Société Générale : 101 agences en moins d’ici 2026, le réseau bancaire français accélère sa mue

Dans la banque de détail française, la fermeture d’une agence ne fait presque plus événement. Elle s’inscrit dans un mouvement continu, discret, méthodique. Pourtant, le chiffre qui circule depuis fin 2025 a une portée symbolique : Société Générale fermerait 101 agences supplémentaires en France en 2026, selon une information syndicale relayée par Reuters. La banque, elle, n’a pas commenté ce volume.
Derrière ce “101”, ce n’est pas seulement un plan immobilier. C’est un choix de modèle : réduire les coûts fixes, concentrer les équipes sur des points de vente plus rentables, et transférer l’essentiel de la relation client vers le digital et le conseil à distance.
Le basculement est déjà là : l’agence n’est plus le centre de gravité
Le décor a changé sans bruit. Le rendez-vous au guichet s’est raréfié. Les opérations courantes ont glissé vers l’automate, puis vers l’application. Et, pour une majorité de clients, la banque est devenue un écran.
L’étude FBF–IFOP documente cette réalité : 94% des Français consultent le site ou utilisent l’application de leur banque, et 79% ont téléchargé au moins une application bancaire.
Dans le même temps, la fréquentation des agences recule : 36% des clients s’y rendent au moins une fois par trimestre, contre 41% en 2020.
Autrement dit, l’agence n’a pas disparu. Mais elle ne commande plus le rythme. Et quand le trafic baisse, la question devient mécanique : combien de mètres carrés faut-il encore financer pour servir des parcours qui se font ailleurs ?
“101 agences” : une information syndicale, pas une annonce officielle
Le point de méthode est important : le chiffre de 101 fermetures est attribué à la CGT, et repris dans une dépêche Reuters (relayée notamment par Zonebourse). La banque a refusé de commenter ce volume, selon le même article.
Une trajectoire cohérente avec le passé récent : -600 agences depuis 2020, un réseau autour de 1 450 points
Même sans validation officielle du “101”, l’idée s’insère dans une continuité déjà connue : Société Générale a engagé une réduction profonde de son réseau, notamment après l’intégration et la fusion des réseaux avec Crédit du Nord. D’après Reuters via Zonebourse, la banque a déjà fermé environ 600 agences depuis 2020 et disposerait désormais d’environ 1 450 agences.

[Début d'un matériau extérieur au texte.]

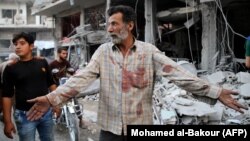 A Syrian man gestures near debris following a reported Russian air strike last month in Idlib Province.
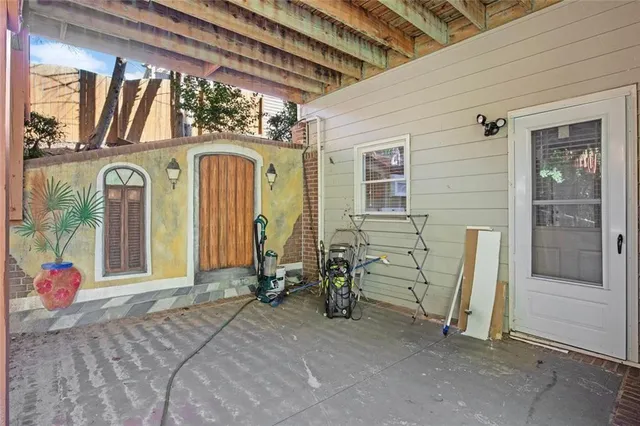 a view of a house with a yard and plants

À l’échelle macro, Le Monde décrit d’ailleurs une dynamique plus large : la France perd des agences bancaires sous l’effet de la numérisation, pendant que les banques investissent dans des modèles hybrides (digital + points physiques d’expertise).
Rentabilité : l’équation des coûts revient au premier plan
Pourquoi aller plus loin alors que le groupe reste bénéficiaire ? Parce que la banque ne pilote pas seulement le résultat net : elle pilote un modèle de rentabilité durable, où la bataille se joue aussi sur le coefficient d’exploitation (cost-to-income), et sur la capacité à abaisser les charges structurelles.
Le Financial Times rappelle que la stratégie de Slawomir Krupa s’inscrit dans une accélération des coupes de coûts, avec un coefficient d’exploitation encore élevé (63% sur les neuf premiers mois de 2025, selon l’article).
D’ici fin 2027 c’est 1 800 postes en moins : un autre dossier, mais le même cap
Dans le même esprit, Société Générale a annoncé un projet de réorganisation prévoyant 1 800 suppressions de postes en France d’ici fin 2027, sans plan de départs (via attrition).
Et un élément a été précisé dans cette séquence : “le réseau d’agences n’est pas concerné”, selon des reprises de presse.
Il faut donc lire deux mouvements qui peuvent coexister :
un chantier d’organisation (fonctions, structures, couches managériales, process), et une trajectoire réseau (agences, regroupements, optimisation immobilière), parfois discutée séparément, parfois connectée dans l’exécution.
Banques d’Afrique francophone
Ce sujet n’est pas “un débat français”. C’est un miroir utile pour l’Afrique francophone, où les banques font face à trois pressions convergentes :
la migration des usages (mobile, selfcare, instantanéité), la concurrence des wallets et des agents, et la nécessité de tenir les coûts tout en conservant la confiance.